Here’s Google technical documentation on its crawlers: https://developers.google.com/search/docs/crawling-indexing/google-common-crawlers

ell1e@leminal.space · edit-2 30 days ago

So what’s the quote from the documentation that backs up your claim? The line “perform other product specific crawls” seems extremely vague by design.

General_Effort@lemmy.world · 30 days ago

I’m not really sure what you are asking here. Did you notice that you can scroll down and see a list of their crawlers?

ell1e@leminal.space · edit-2 30 days ago

Nothing on this page seems to contradict the article. But if I simply missed the part that does, I’d be happy to learn.

General_Effort@lemmy.world · 30 days ago

You look up what Googlebot does. No AI.

You want to know what crawlers do AI? Just search for “AI”, or “training”, or some such, or skim through. It’s not long. Google-Extended collects training data. Note that Google-Extended is explicitly not used to rank pages.

Did that help?

ell1e@leminal.space · edit-2 29 days ago

You look up what Googlebot does. No AI.

The page seems written to perhaps suggest it but doesn’t explicitly say the other bots can’t feed into some other sort of AI training. It would be in Google’s interest to mislead the users here.

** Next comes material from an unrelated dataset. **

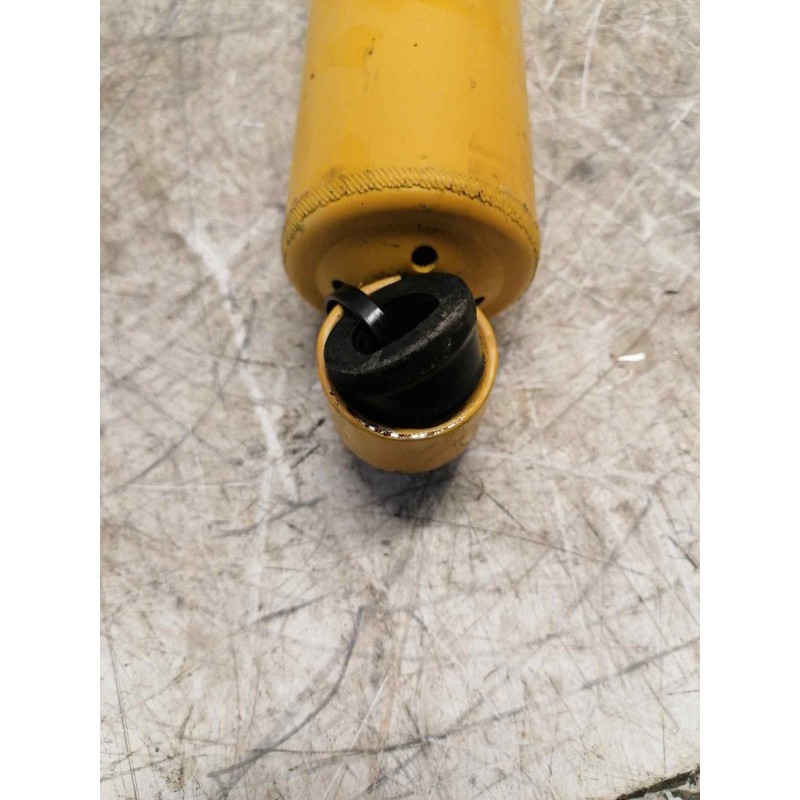Recambio de amortiguador trasero para nissan patrol (k/w260) referencia OEM IAM M6333B12C98 - Blanco 3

Edit: I found a quote where it says Googlebot does both in one: “Google-Extended doesn’t have a separate HTTP request user agent string. Crawling is done with existing Google user agent […]” and I guess Cloudflare doesn’t trust Google to abide by the access controls. That seems sensible to me. Edit 2: What exactly the CEO believes was perhaps rightfully disputed below, it was just my guess.

General_Effort@lemmy.world · 29 days ago

It would be a lot to write, if you had to say what something does not do rather than what it does.

I looked at what the Cloudflare CEO said again. To be fair to him, he is not actually backing you up. He’s saying that Google makes no difference between the AI overview and the other search results. That is true. The AI overview is a search feature. I’m not sure why someone would want their link listed in search but not appear much more prominently in the AI overview.

cecilkorik@lemmy.ca · 1 month ago

Absolutely true. They’ll buy the data they want from some shitty crawler running from some data broker in some far-flung and lawless part of the world, hallucinate the actual source, and pretend they had no idea their “data partner” wasn’t respecting robots.txt if they have to, which they won’t ever have to do because it’s literally impossible to detect and prove and realistically unenforceable.

This is a company that removed it’s company motto of “Don’t be evil” because it found it too “limiting”. Don’t be naive.

General_Effort@lemmy.world · 30 days ago

That’s very different from what I called false.

What you describe may happen, but probably not as much as you think. Much of that stuff is just not that valuable. Some personal, colloquial writing is necessary, but Google already pays Reddit. Other stuff is better obtained from torrents or shadow libraries like Anna’s Archive.